5 Responses to “Verizon’s $2 Bill Pay Fee: Do We Call Them Crazy?”

  1. The crazy part was when the wireless carriers were among the first billers(motivated by anything that reduce customer churn) that decided to implement card acceptance without a convenience fee. With nothing to dis-incent customers from paying by card (and with the issuers offering generous rewards for doing so), the percentage of card payers continued to climb along with the associated fees for the biller. Card fees are now a $100 million cost item for the largest wireless carriers. They gave up one their key levers for controlling this cost way too soon and before thinking through the financial risk. And now, when consumers are already in a no-fee kind of mood from the BofA debit fiasco, was not the best timing to try to correct this error. Wow, poor form.

  2. Dave Birch says:

    There’s a psychological difference between getting a discount on my utility bills because I pay via direct debit or continuous authority and being surcharged – they should do it the other way round – put the price up by $2 and then give a $2 discount. Having said that, my UK operator charges me approximately $2 for getting a paper statement.

  3. Tom B says:

    If Im not mistaken, association laws do not allow the convenience fee to be charged on a recurring transaction. Maybe that changed recently, but it used to be that way. Think about it though – there is a value in the recurring vs non-recurring. Better flow of funds, lower cost (no late notices, no online interaction to faciliate the payment). This fee is fairly standard for many utility type companies that accept cards for payment. Verizon just tried it at a bad time.

  4. Cesar Boralli says:

    AT&T gave me a $20 visa gift card last year to sign up for recurring payments through their web site (I have opted for credit card as a payment method but it could have been ACH as well). That was a good strategy since it’s not likely that someone will cancel their auto pay feature after getting the gift card. The only thing I dont understand is why they keep the drama over card payments once in my opinion the pain point are the checks/cash. I really liked Dave Birch’s comment/suggestion. Also, companies should limit their payment channels if they want to change customer behavior. Progressive offers discounts for online payments and the only method avaliable online is ACH. Would you change to other company because of the payment method they offer? My opinion is that product price, service, quality, etc will make the difference not if the company accepts credit cards or not. In the US, I would say that almost everyone who has a credit card also has a checking account. For small payments such as utilities, I am not sure how the credit/reward factor would play against ACH based payments.

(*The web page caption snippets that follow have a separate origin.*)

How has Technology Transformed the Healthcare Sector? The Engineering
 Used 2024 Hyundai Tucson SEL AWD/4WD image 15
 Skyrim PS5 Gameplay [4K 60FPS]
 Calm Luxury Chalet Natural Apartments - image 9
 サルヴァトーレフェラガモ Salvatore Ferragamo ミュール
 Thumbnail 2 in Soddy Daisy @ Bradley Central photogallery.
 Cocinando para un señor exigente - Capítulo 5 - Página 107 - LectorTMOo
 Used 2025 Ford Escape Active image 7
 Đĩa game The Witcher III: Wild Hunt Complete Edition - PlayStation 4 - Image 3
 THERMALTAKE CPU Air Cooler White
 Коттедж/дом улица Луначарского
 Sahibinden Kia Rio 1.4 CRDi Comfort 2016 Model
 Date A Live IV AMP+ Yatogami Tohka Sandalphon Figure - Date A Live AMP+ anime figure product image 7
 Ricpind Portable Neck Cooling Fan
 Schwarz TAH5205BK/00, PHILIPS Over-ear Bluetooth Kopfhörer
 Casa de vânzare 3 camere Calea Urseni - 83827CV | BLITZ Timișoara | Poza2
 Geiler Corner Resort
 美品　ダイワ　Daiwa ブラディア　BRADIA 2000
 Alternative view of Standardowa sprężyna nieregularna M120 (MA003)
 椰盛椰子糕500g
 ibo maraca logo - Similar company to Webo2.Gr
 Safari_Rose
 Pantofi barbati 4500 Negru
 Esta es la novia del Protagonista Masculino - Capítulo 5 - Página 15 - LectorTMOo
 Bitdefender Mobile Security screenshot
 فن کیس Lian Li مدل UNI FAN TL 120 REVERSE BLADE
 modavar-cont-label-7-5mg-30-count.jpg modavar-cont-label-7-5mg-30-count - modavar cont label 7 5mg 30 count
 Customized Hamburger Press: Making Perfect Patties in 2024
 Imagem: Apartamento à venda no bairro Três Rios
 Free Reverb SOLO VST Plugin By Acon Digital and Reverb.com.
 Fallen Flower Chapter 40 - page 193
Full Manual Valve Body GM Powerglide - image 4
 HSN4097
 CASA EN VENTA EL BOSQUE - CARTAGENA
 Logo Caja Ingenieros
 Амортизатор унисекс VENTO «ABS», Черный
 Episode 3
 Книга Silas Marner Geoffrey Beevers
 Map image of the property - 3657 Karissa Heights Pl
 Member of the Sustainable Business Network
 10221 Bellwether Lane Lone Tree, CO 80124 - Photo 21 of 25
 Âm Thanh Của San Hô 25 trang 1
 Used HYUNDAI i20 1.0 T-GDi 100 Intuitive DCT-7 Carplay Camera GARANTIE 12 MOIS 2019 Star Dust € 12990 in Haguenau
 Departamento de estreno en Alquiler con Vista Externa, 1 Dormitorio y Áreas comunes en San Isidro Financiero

  5. Russ, great article and Hi Andrew! This general issue is being called tender type steering, and ACH is the lowest cost tender type, way less than post Durbin pinned or signature debit. The delta between ACH and the other tender types is so significant that smart billers are figuring any way they can to incent their payors to use it, either in the form of incoming bill pay (ACH push) or increasing enrollment in the biller’s direct debit program (ACH pull).
    I think we will see more ACH promotions at POS. The average grocery supermarket in the US pays more for card network based based payment fulfillment than they make in profit.